Following a ‘phenomenal response’ when it was screened for one night only earlier this month, One More Time With Feeling, the acclaimed documentary film about Nick Cave’s extraordinary life, will be returning to cinemas in December.
Originally a performance based concept, One More Time With Feeling evolved into something much more significant as Dominik delved into the tragic backdrop of the writing and recording of the album. Interwoven throughout the Bad Seeds’ filmed performance of the new album are interviews and footage shot by Dominik, accompanied by Cave’s intermittent narration and improvised rumination.
Filmed in black-and-white and colour, in both 3D and 2D, the result is stark, fragile and raw.
“When Nick approached me about making a film around the recording and performing of the new Bad Seeds album, I’d been seeing quite a lot of him as we rallied around him and his family at the time of his son’s death,” said director Andrew Dominik (Chopper, The Assassination of Jesse James by the Coward Robert Ford, Killing Them Softly) in a statement. “My immediate response was “Why do you want to do this?”
“Nick told me that he had some things he needed to say, but he didn’t know who to say them to. The idea of a traditional interview, he said, was simply unfeasible but that he felt a need to let the people who cared about his music understand the basic state of things. It seemed to me that he was trapped somewhere and just needed to do something – anything – to at least give the impression of forward movement.
‘I took the record away and listened to it trying to work out a way into the whole thing. In the end I agreed to do it if I could shoot it in black-and-white and 3D. Nick’s response was, “I fucking hate 3D” or something like that. I showed him old black and white photos viewed through a stereopticon from the 50s. I told him I wanted to make a film where these sorts of photos came slowly to life. I felt that the stark black-and-white and the haunted drama of these 3D images perfectly addressed the disembodied sound of the record and the weird sense of paralysis that Nick seemed to exist in at the time.
“To achieve this effect we built a special camera, a massive, lumbering piece of equipment that’s almost comic lack of mobility added to the eerie drift of the film itself. No one has ever seen a 3D black-and-white non-animated feature film in modern times – for as far as I know, no such thing exists.

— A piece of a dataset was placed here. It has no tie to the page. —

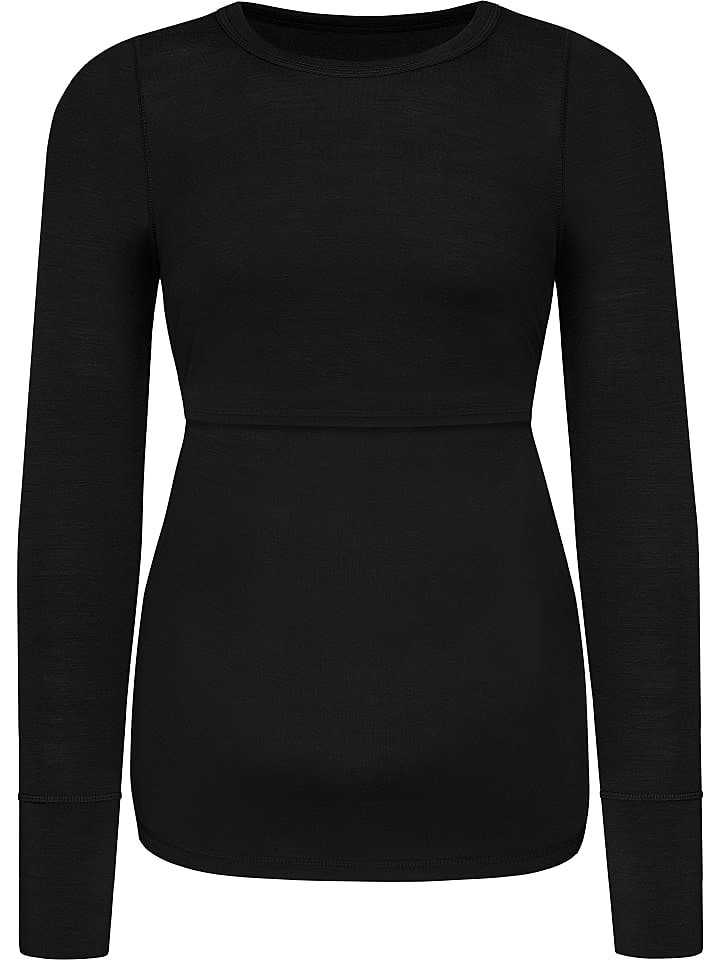 Normani Outdoor Sports Merino Umstands-Langarm-Shirt „Cambria“ in Schwarz günstig kaufen M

It is both modern and from a distant age – much like the Nick Cave & the Bad Seeds’ new record, Skeleton Tree, actually.”
Nick Cave & the Bad Seeds’ sixteenth studio album, Skeleton Tree, was released globally on vinyl, CD and across all digital platforms on 9 September 2016. The album began its journey in late 2014 at Retreat Studios, Brighton, with further sessions at La Frette Studios, France in autumn 2015. The album was mixed at AIR Studios, London in early 2016.